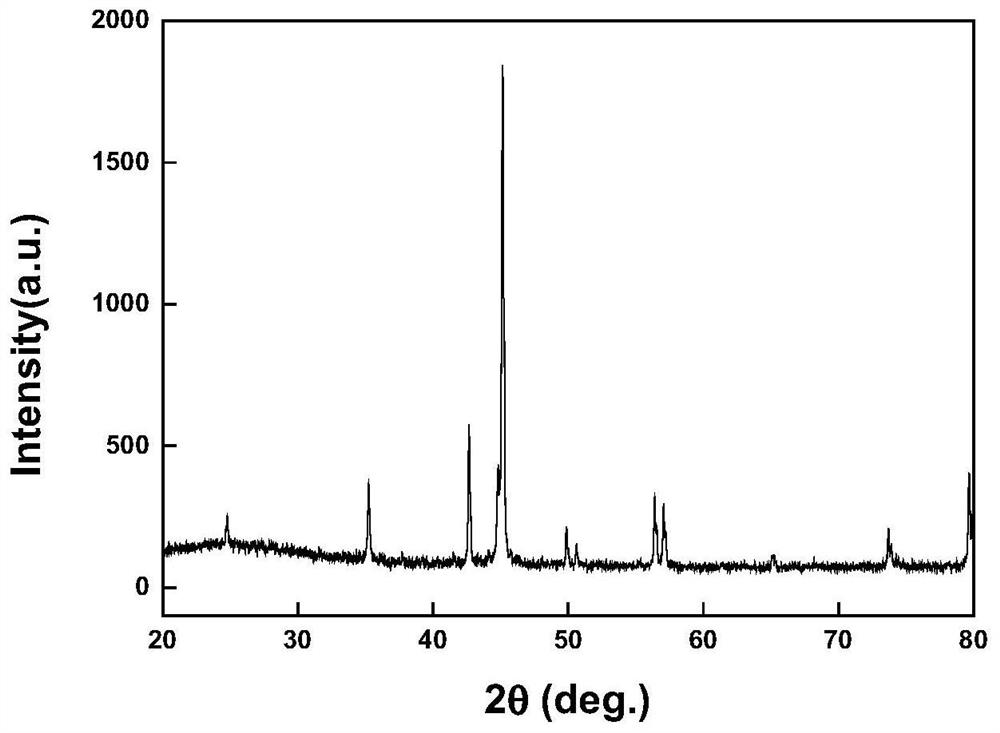 Preparation method and application of spherical nano iron-sulfur composite material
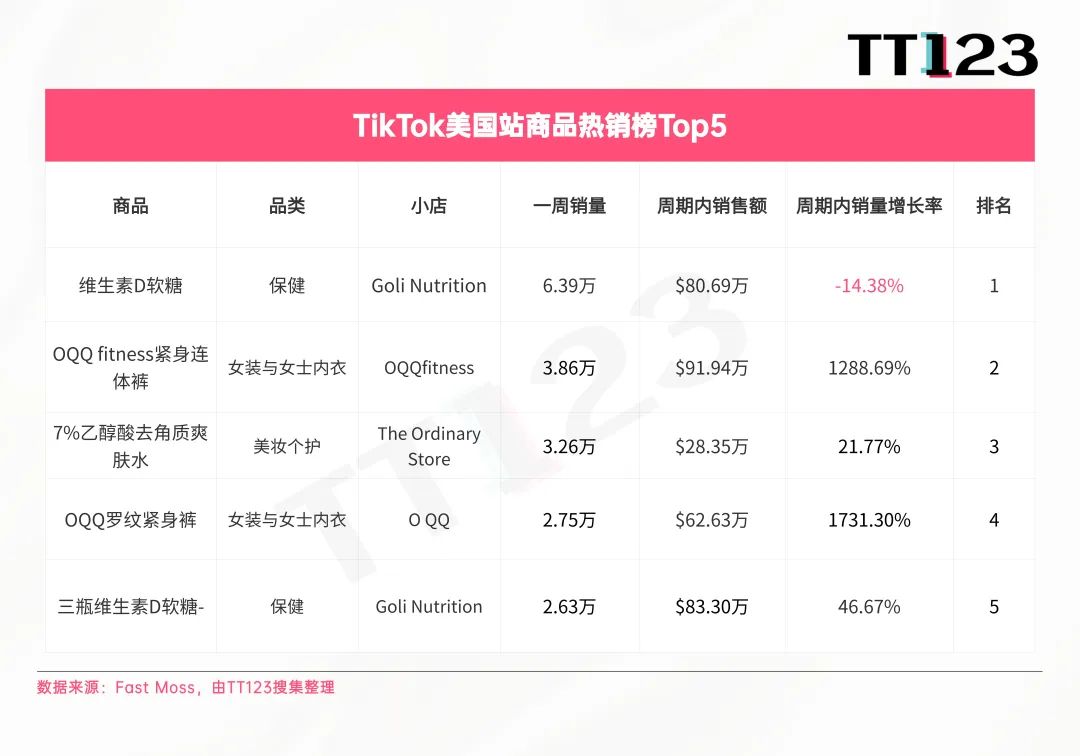 TikTokShop9.16-9.22Top5爆品盘点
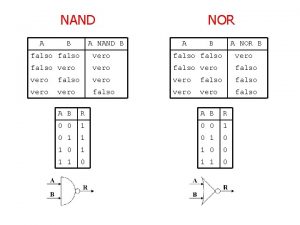 A nand b A nand b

- _What needs to be done_:
A faithful, picture-free copy of the material is what this task asks for.

- _Result below_:
 Preparation method and application of spherical nano iron-sulfur composite material
 TikTokShop9.16-9.22Top5爆品盘点
 A nand b A nand b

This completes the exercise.